Exercise objective:
Exact reproduction of the data is required, with images excluded.

Material provided:
- - -

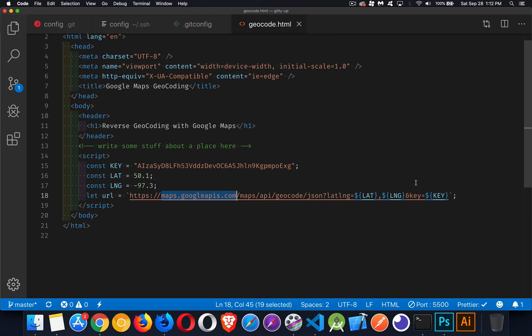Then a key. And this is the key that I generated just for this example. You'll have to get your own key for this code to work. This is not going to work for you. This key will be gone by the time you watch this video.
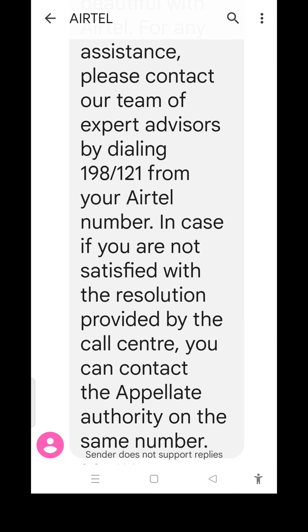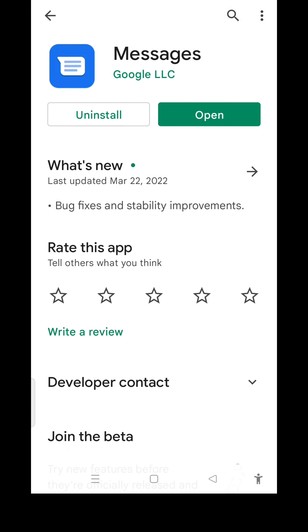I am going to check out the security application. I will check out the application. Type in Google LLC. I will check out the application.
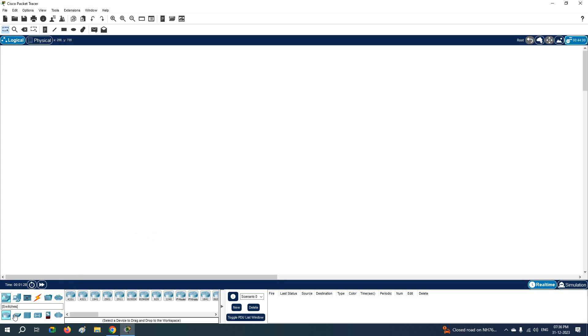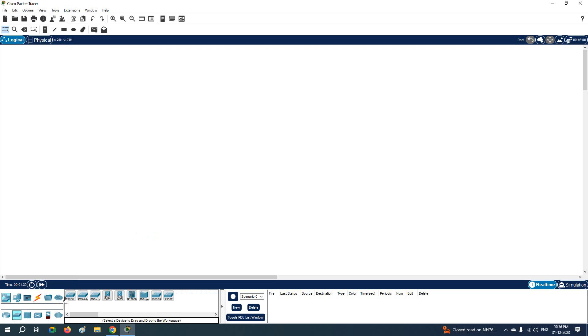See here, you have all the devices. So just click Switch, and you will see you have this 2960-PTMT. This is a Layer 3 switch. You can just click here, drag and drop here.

- - -

Result below:
Then a key. And this is the key that I generated just for this example. You'll have to get your own key for this code to work. This is not going to work for you. This key will be gone by the time you watch this video.
I am going to check out the security application. I will check out the application. Type in Google LLC. I will check out the application.
See here, you have all the devices. So just click Switch, and you will see you have this 2960-PTMT. This is a Layer 3 switch. You can just click here, drag and drop here.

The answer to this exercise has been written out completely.